> **What to do**: The whole listing below should be printed again exactly, with no images.

>>>>>

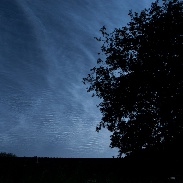 <font class="tempImageTitleThumbText">Solstice NLCs</font><br>Frank Talens<br>Jun 24 7:24pm<br>Gorredijk, The Netherlands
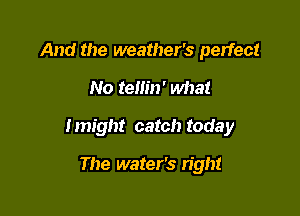 And the weather's perfect

No temn' What

Imight catch today

The water's right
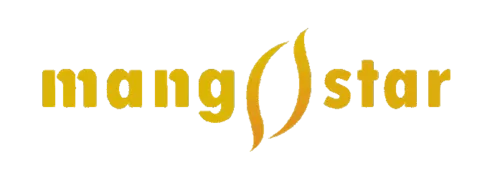 机遇与挑战并存做海淘领域的先驱者 北京星芒商贸有限公司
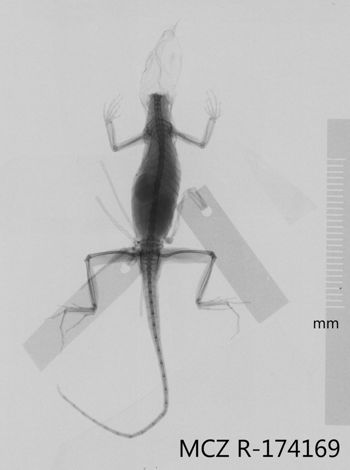 Media type: image;   Herpetology R-174169 Aspect: dorsoventral x-ray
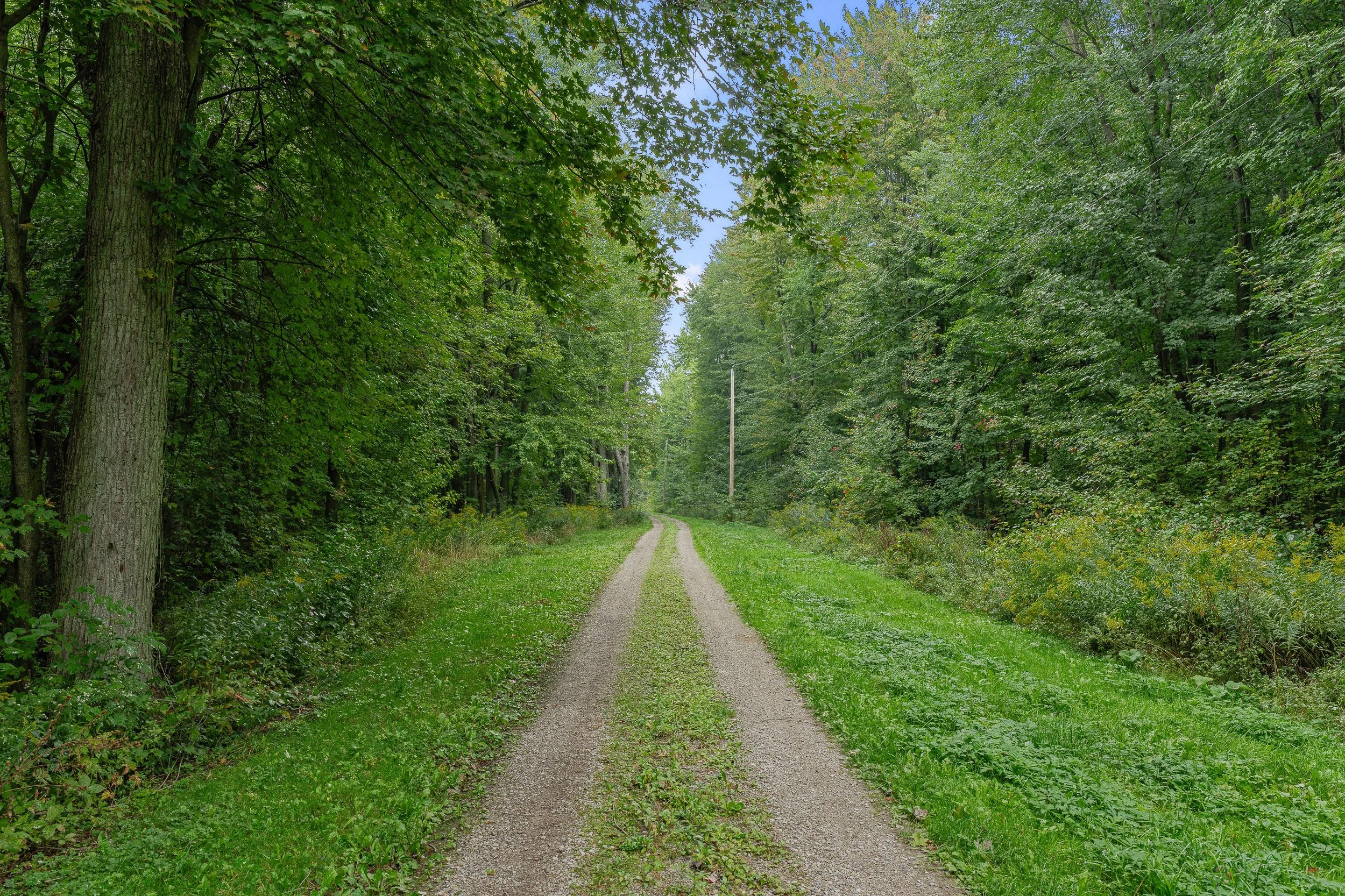 003-Image-25.jpg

<<<<<

> **Response box**:
 <font class="tempImageTitleThumbText">Solstice NLCs</font><br>Frank Talens<br>Jun 24 7:24pm<br>Gorredijk, The Netherlands
 And the weather's perfect

No temn' What

Imight catch today

The water's right
 机遇与挑战并存做海淘领域的先驱者 北京星芒商贸有限公司
 Media type: image;   Herpetology R-174169 Aspect: dorsoventral x-ray
 003-Image-25.jpg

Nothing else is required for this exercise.